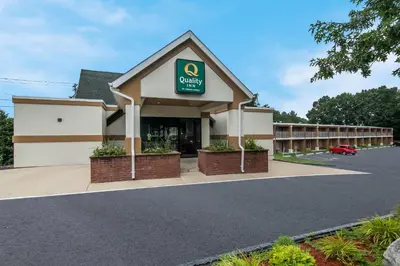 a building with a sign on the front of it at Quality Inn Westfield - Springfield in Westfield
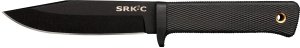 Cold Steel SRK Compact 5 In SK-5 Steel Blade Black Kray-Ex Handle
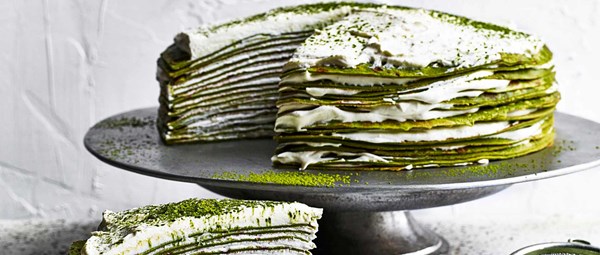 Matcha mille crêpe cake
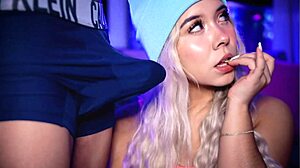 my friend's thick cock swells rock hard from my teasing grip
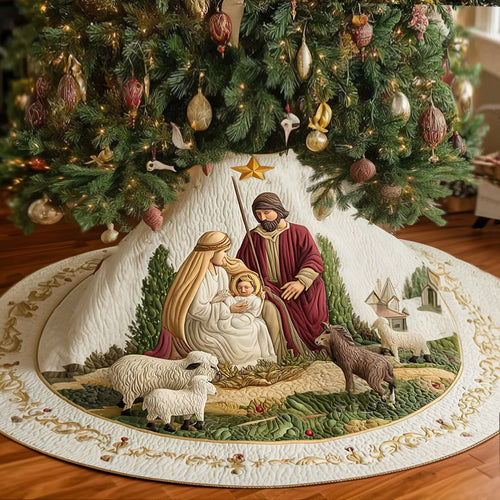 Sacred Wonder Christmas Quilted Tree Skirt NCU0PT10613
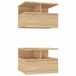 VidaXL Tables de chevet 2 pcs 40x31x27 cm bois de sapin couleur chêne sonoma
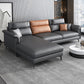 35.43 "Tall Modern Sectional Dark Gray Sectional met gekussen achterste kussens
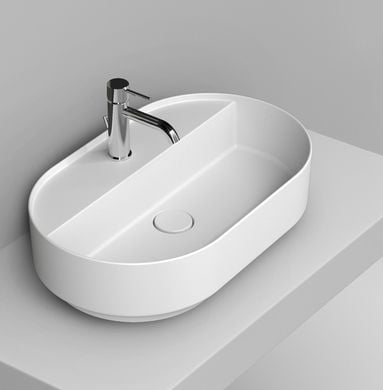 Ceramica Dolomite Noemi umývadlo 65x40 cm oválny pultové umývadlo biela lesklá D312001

--------------------

• _Your goal_
Write out exactly the lines between the start of the data and the line with "Sacred Wonder Christmas", including both, but none of the pictures.

• _Solution to the problem_
 a building with a sign on the front of it at Quality Inn Westfield - Springfield in Westfield
 Cold Steel SRK Compact 5 In SK-5 Steel Blade Black Kray-Ex Handle
 Matcha mille crêpe cake
 my friend's thick cock swells rock hard from my teasing grip
 Sacred Wonder Christmas Quilted Tree Skirt NCU0PT10613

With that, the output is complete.